Translation dictionary

A translation dictionary is an optional feature which allows the user to map original column names into common names that can be more useful for analysis. A translation dictionary can also be used to group columns with similar properties into a single variable. Using grouped variables, Pecos can run a signal set of quality control tests on the group.

Each entry in a translation dictionary is a key:value pair where ‘key’ is the common name of the data and ‘value’ is a list of original column names in the DataFrame. For example, {temp: [temp1,temp2]} means that columns named ‘temp1’ and ‘temp2’ in the DataFrame are assigned to the common name ‘temp’ in Pecos. In the Simple example, the following translation dictionary is used to group columns ‘C’ and ‘D’ to ‘Wave’.

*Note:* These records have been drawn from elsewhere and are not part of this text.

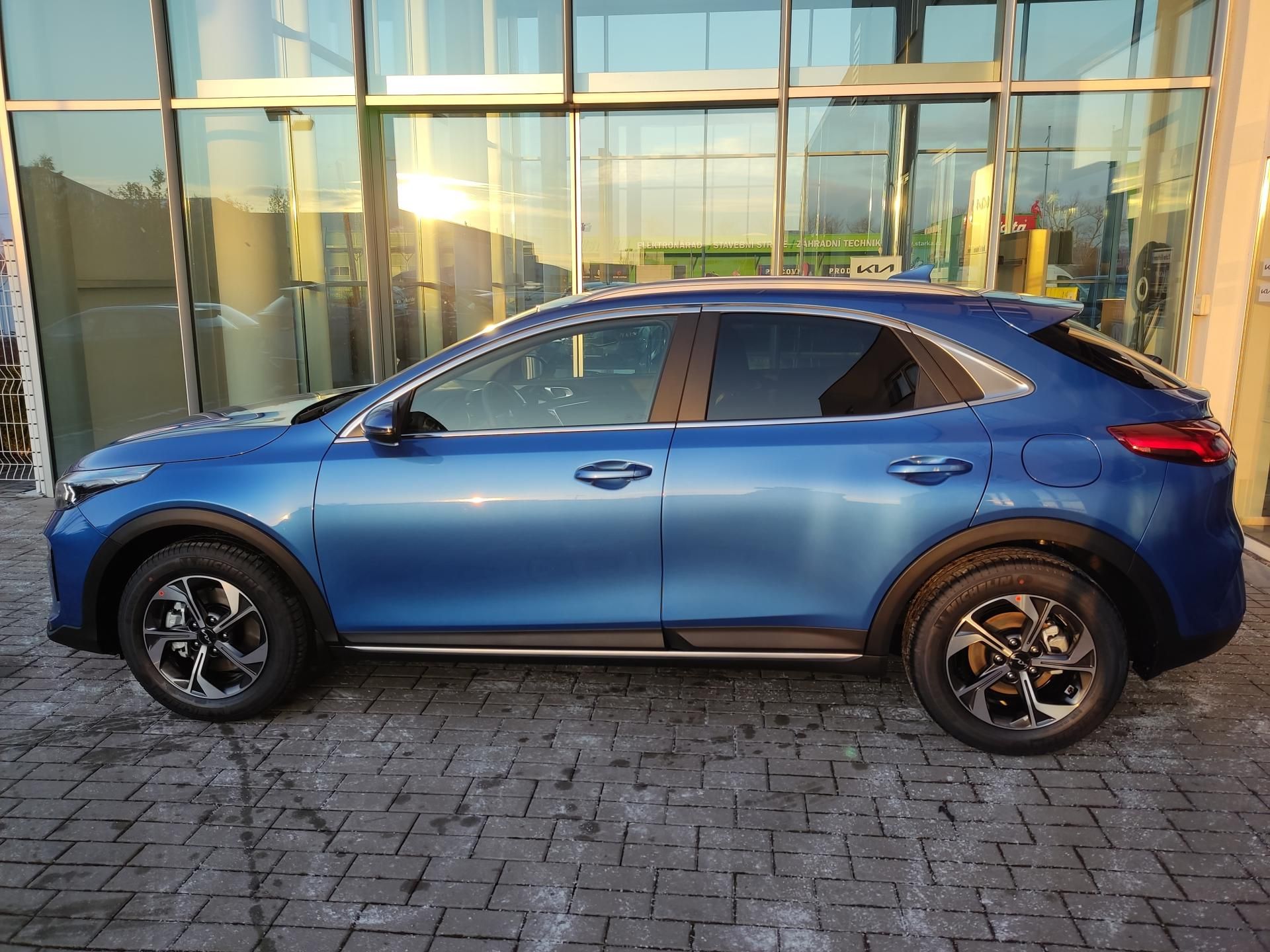 Kia XCee´d, 1,6 T-GDi 7DCT EXCLUSIVE+WINT - fotka 3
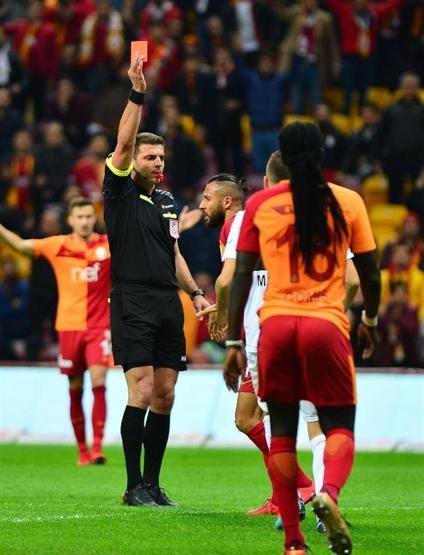 Galatasaray 4-2 Akhisar / Maç Özeti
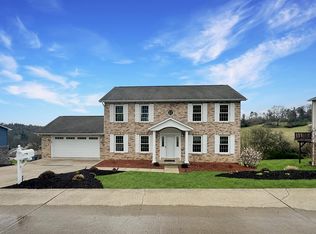 8 Louis Ln, Wheeling, WV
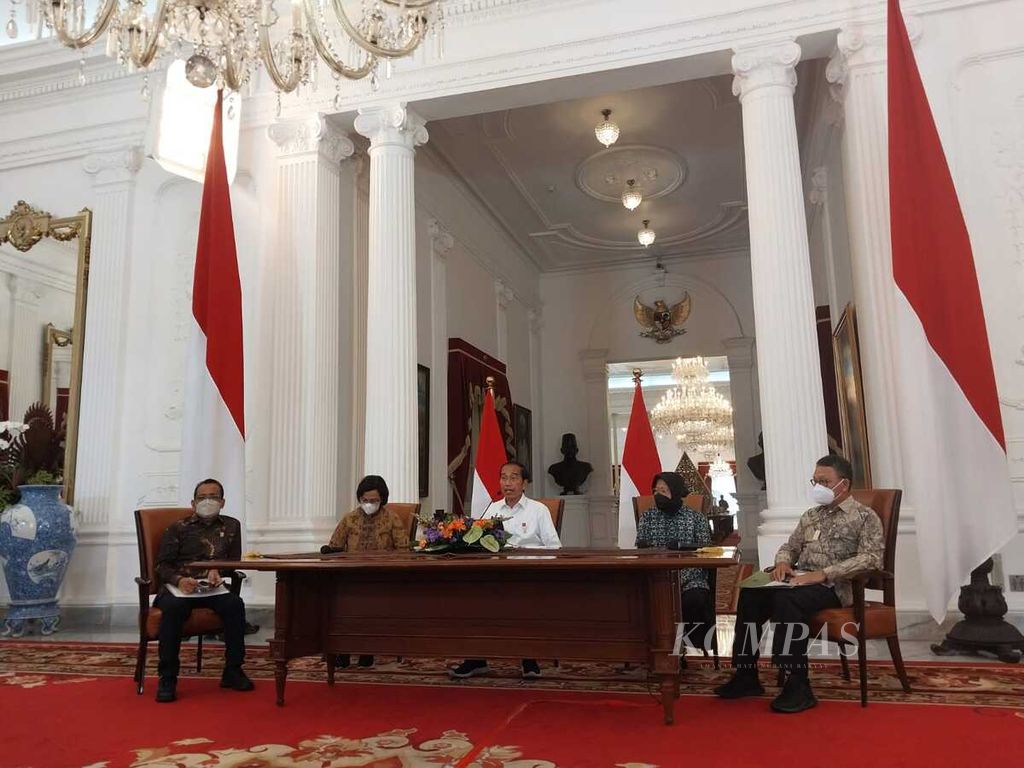 Presiden Joko Widodo dan para menteri memberikan keterangan pers perihal kenaikan harga BBM bersubsidi dan pengalihan subsidi itu, di Istana Merdeka, Jakarta, Sabtu (3/9/2022).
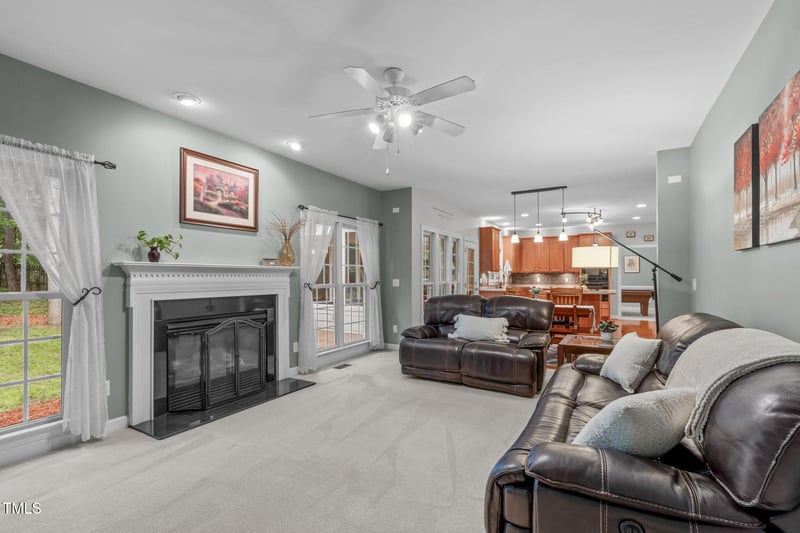 408 Dairy Farm Dr, Hillsborough, NC 27278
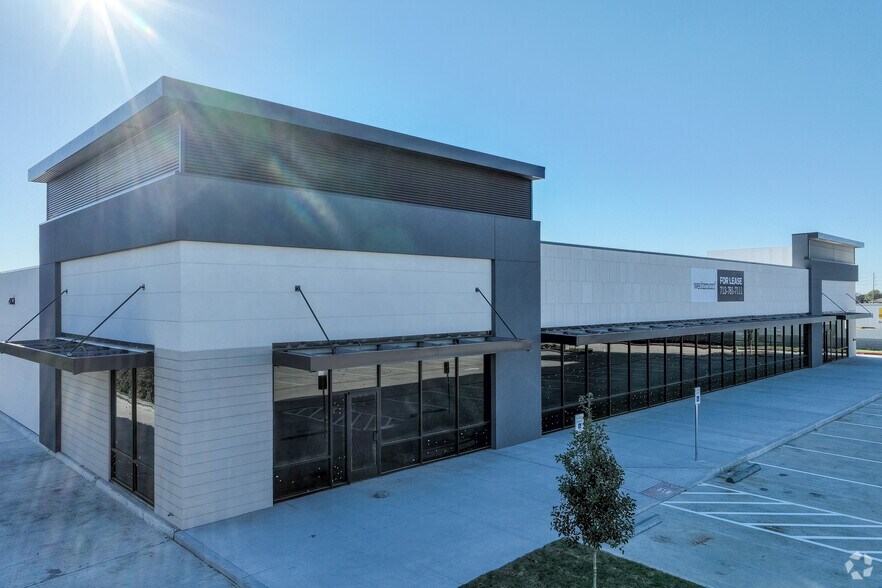 More Photos Of 5828 Fry Rd, Katy Storefront For Lease
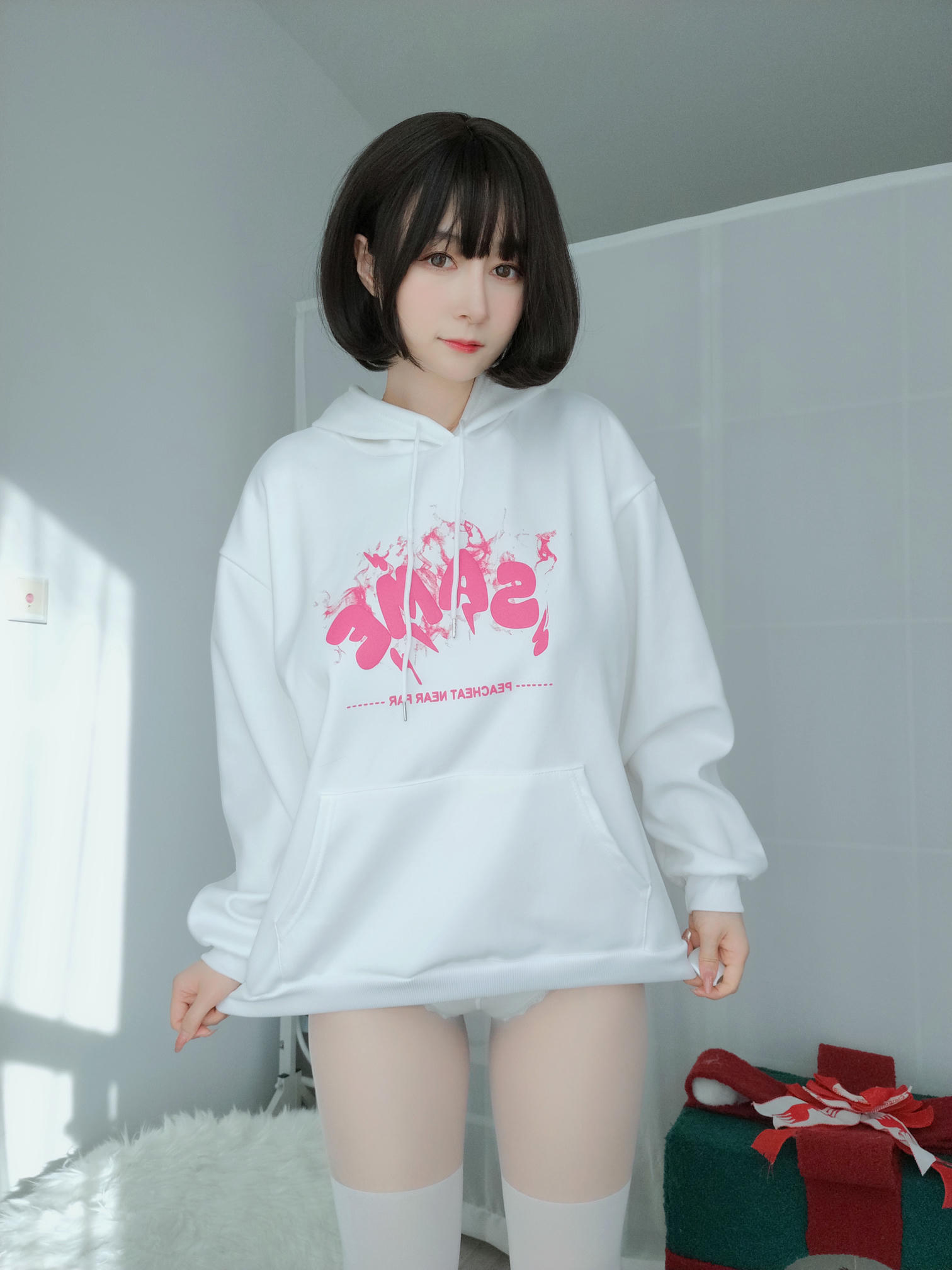 白银81 NO.119 2022年4月会员合集（24期）[386P+11V-1.29G]-2022-04-24-2 妹妹和猫 [15P-36.7MB]_第1集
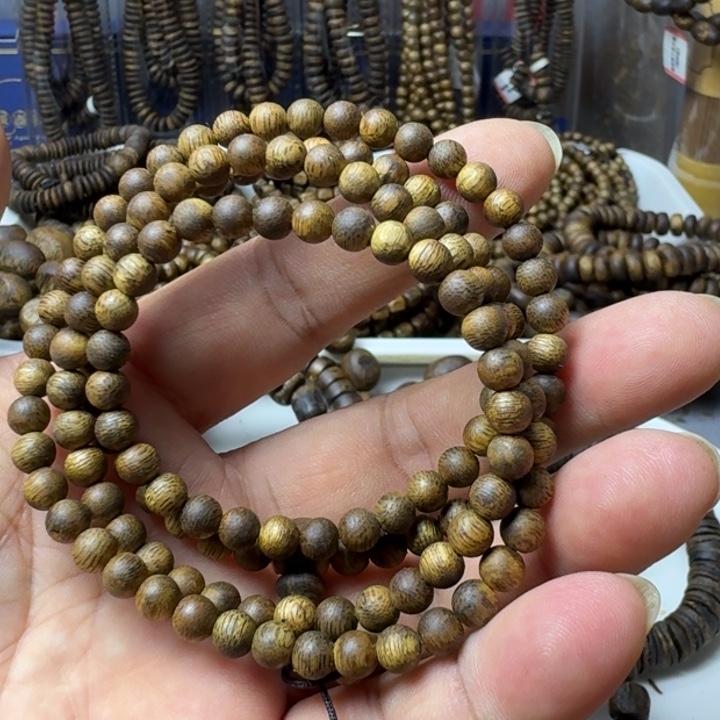 沉香手串乌身手串7克加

>>> trans = {'Wave': ['C','D']}

The translation dictionary can then be added to the PerformanceMonitoring object.

>>> pm.add_translation_dictionary(trans)

As with DataFrames, multiple translation dictionaries can be added to the PerformanceMonitoring object. New dictionaries override existing keys in the translation dictionary.

Keys defined in the translation dictionary can be used in quality control tests, for example,

>>> pm.check_range([-1,1], 'Wave')

runs a check range test on columns ‘C’ and ‘D’.

Inside Pecos, the translation dictionary is used to index into the DataFrame, for example,

>>> pm.df[pm.trans['Wave']] 

returns columns ‘C’ and ‘D’ from the DataFrame.